Yumruk, Riya ve Faşizm

Etiketler: , , ,

Değişim diye bir şey var ya hani; kuyruklu yalan. Değişim diye bir şey yoktur: döngü vardır. Bu kadar da büyük büyük konuşuyorum evet. Değişim dediğimiz şey döngülerin içindeki ayrıntılardan ibarettir sadece. O ayrıntılar da kişilerdir, mekanlardır vs.

Şiddeti Orta Asya'dan bu yana seviyoruz da, siyasete karşı kullanılan şiddeti Mesut Yılmaz'ın Budapeşte'de yediği yumruktan bu yana unutmaya başlamıştık. Ama döngü değişimi yine alt etti ve yumruk yıllar sonra bu kez önce eski DTP başkanı Ahmet Türk'ün, ardından da Enerji Bakanı Taner Yıldız'ın burnunda patladı. Bu kadarla bitmedi, döngü yine başgösterdi ve o zamanlar Mesut Yılmaz'a "oh olsun" diyen cühela zihniyeti bu kez de aynı "oh olsun"u Ahmet Türk ve Taner Yıldız'a karşı kullandı (Bu oh olsun diyenler arasında eski bir bakan olduğunu da minik bir anekdot olarak belirteyim). Tabi araya ufaktan değişim sosları serpiştirildi, cühela zihniyet biraz da faşizmle süslenerek kendisini bizlere servis etti.


Bu blogda çok fazla siyaset konuşmayacağım (ilk yazımın konusunun siyaset olması beni de endişelendirmedi değil), konuşsam da herhangi bir kişi veya parti odaklı siyaset yapmayacağım. Beni bilenler siyasi görüşümü az çok bilirler zaten. Ancak yazdığım tüm yazılarda olacağı gibi siyaset konuştuğumda da hakkaniyeti gözeteceğim. "Tarafsızlık, objektiflik" kavramları bana artık birer safsata gibi geliyor. İsmail Kılıçarslan'ın da dediği gibi, "Objektif fotoğraf makinesinin bir parçasıdır, o kadar." Belki çok klişe, etkisiz bir söz olacak ama, elimden geldiğince hakkaniyetli davranıp, tarafsız değil, hakkın tarafında olmaya çalışacağım.


Şimdi burada ne Ahmet Türk'ü, ne de Taner Yıldız'ı savunacağım. Ancak yumruğun muhatabı ve yumruğu atan kim olursa olsun ortada kabul edilemez bir şiddet unsuru var. Fikirlerini meşru ortamlarda belirtemeyen faşist ve cühela zihniyetin son çaresi olan şiddet unsuru. Bunu savunmak, düşüncesizce "oh olsun" demek faşizmin doruk noktasıdır.

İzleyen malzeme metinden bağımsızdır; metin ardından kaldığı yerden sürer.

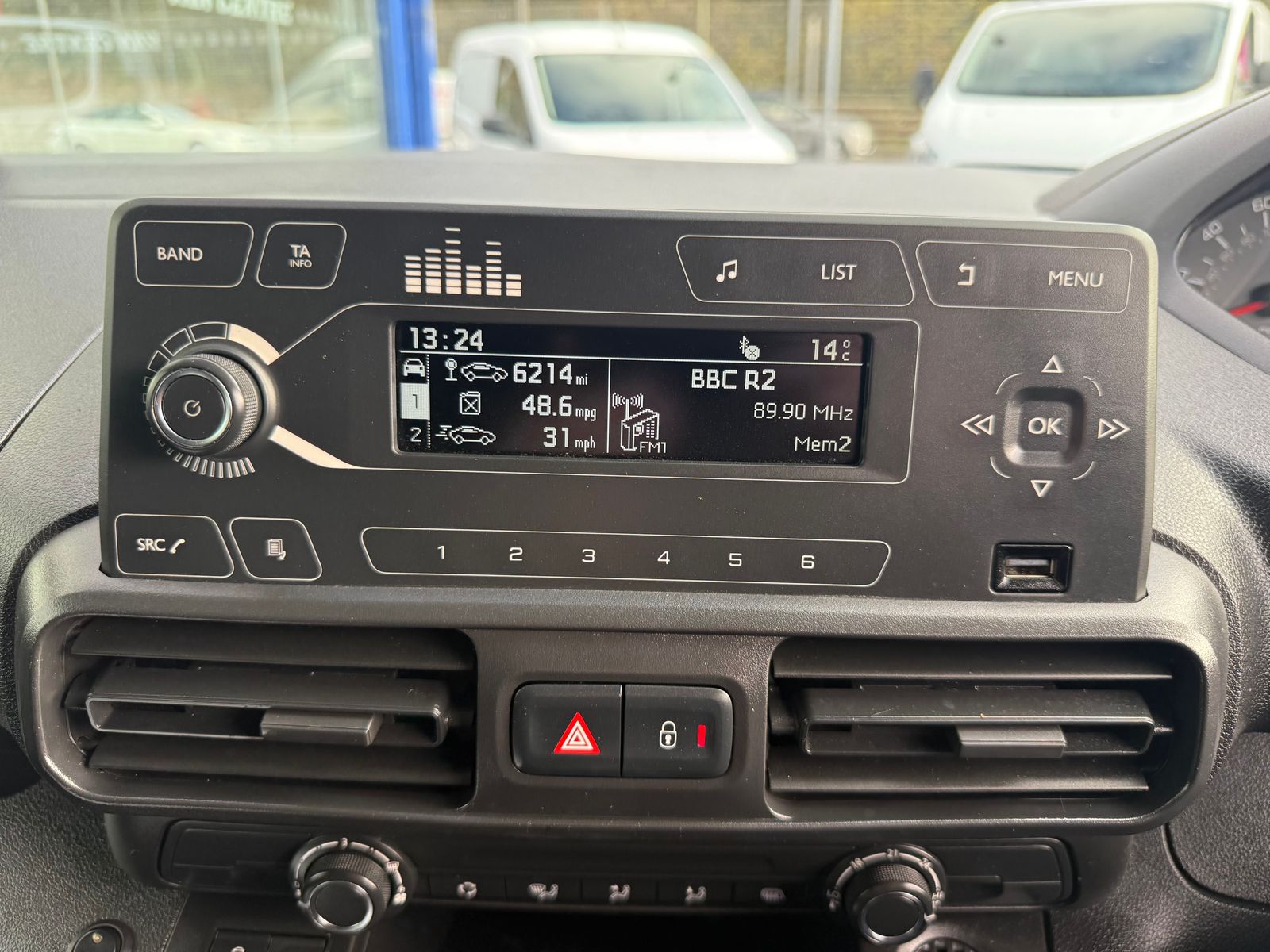 2020 PEUGEOT PARTNER 1.5L Diesel Manual - 79,000 Miles - Thumbnail 28
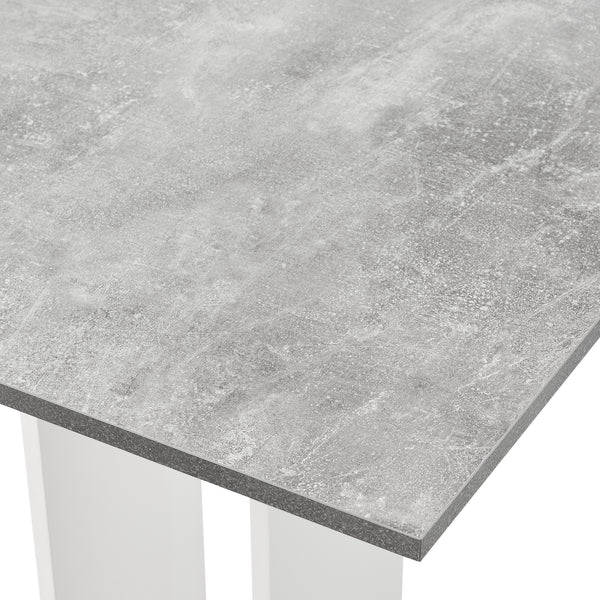 Design eettafel Lindesnes vierkant 65x65x78 cm - verschillende kleuren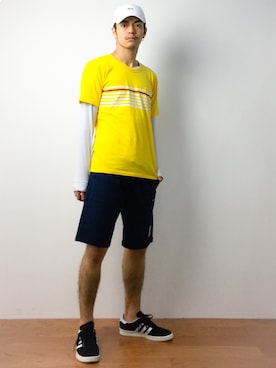 ryuto irieさん（メンズ・176cm）の春コーディネート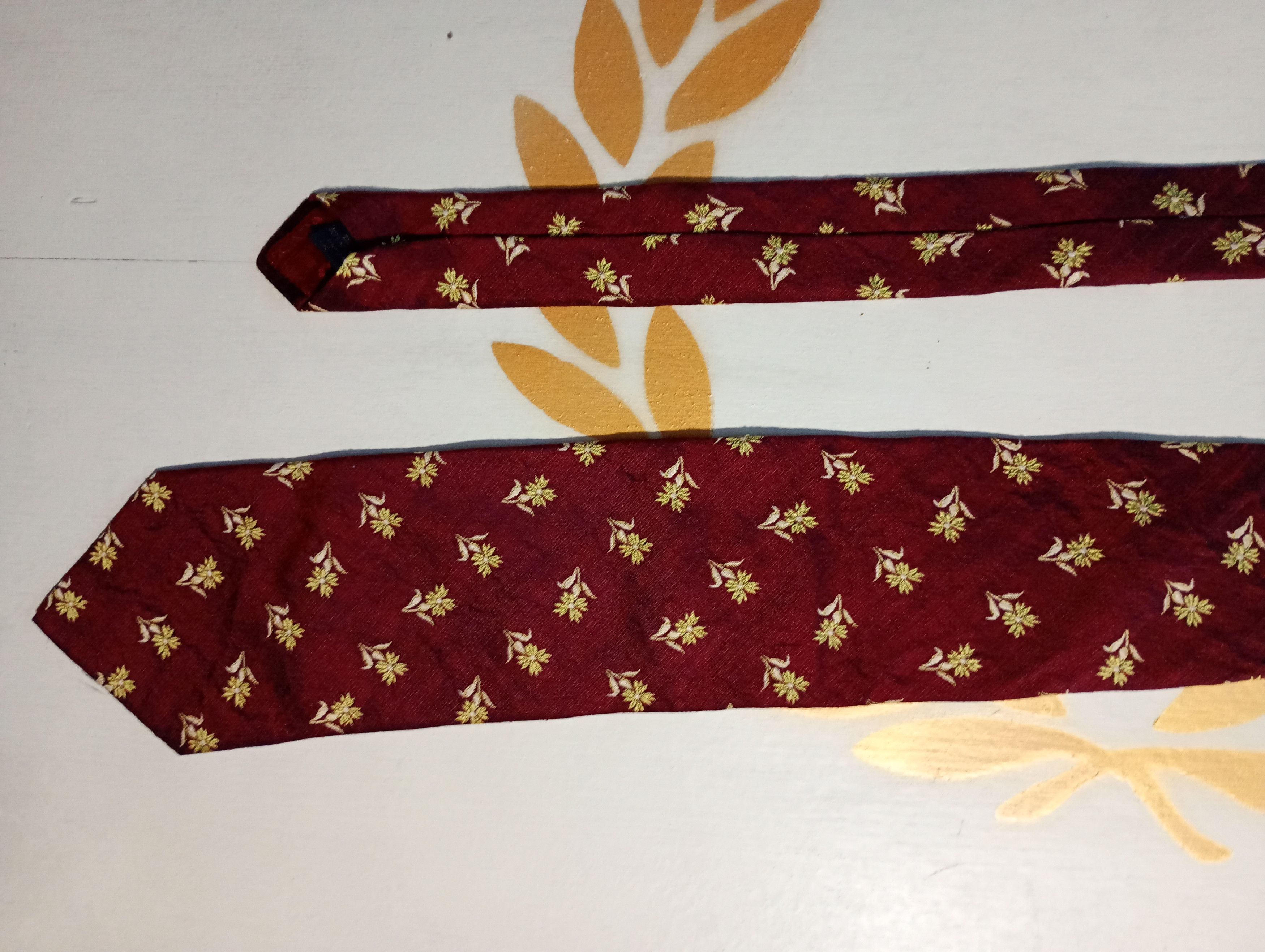 Escada × Vintage Escada Tie Vintage Size ONE SIZE - 11 Thumbnail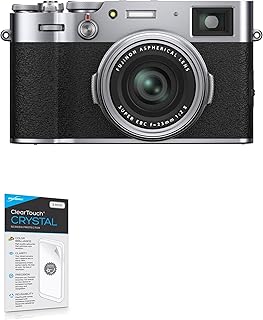 BoxWave Screen Protector Compatible With Fujifilm X100V - ClearTouch Crystal (2-Pack), HD Film Skin - Shields From Scratches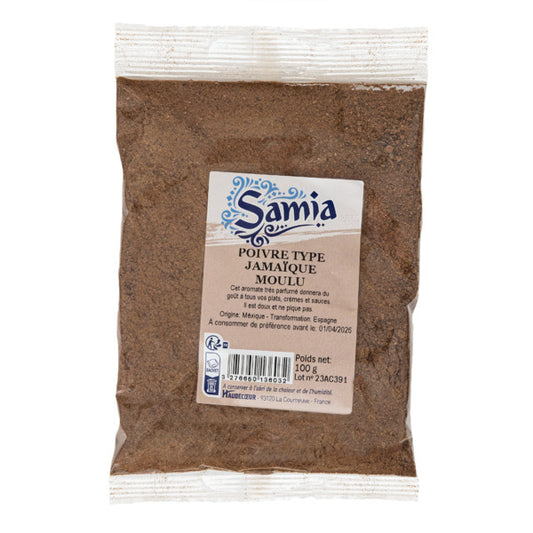Poivre type Jamaïque 100g - Epicerie Barakka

En çok da şunu merak ediyorum: Bugün Türk'e ve Yıldız'a atılan yumruk yarın Deniz Baykal'a, Devlet Bahçeli'ye, Kemal Kılıçdaroğlu'na, Onur Öymen'e atılsa sessizliklerini mi koruyacaklar, yoksa çıkıp "bu yumruk cumhuriyete, laikliğe atılmıştır" diyerek evlerine bayrak asarak, cumhuriyet mitingleri düzenleyerek seslerini mi duyuracaklar? Her ne kadar riyakarlıklarını bilip sonuçları tahmin etsem de bunu gerçekten merak ediyorum. Ancak merakımın giderilmesi için elbette ki kimsenin yumruk yemesini istemiyorum. Elhamdülillah faşist değilim.

Comment (1)

bu atılan yumruklar habersizce atılmıyor. hepsi provakasyon amaçlı. 1 kişide çıksın tayyip erdoğana yumruk atsın. imkansız. atamaz. çünkü tek amaçları "bak işte biz kürt sorununu çözmeye çalışıyoruz ama kürt liderine yumruk atılıyor. aynı yumruk bizede geldi, pis ergenekoncular." mesajını verebilmek. bunun içinde kendi içlerinden kurban olarak Taner Yıldız'ı seçmişler. şiddetin hiçbir zaman savunulacak tarafı yok ama bu yumruğun kimden geldiğini iyi çözmek gerek.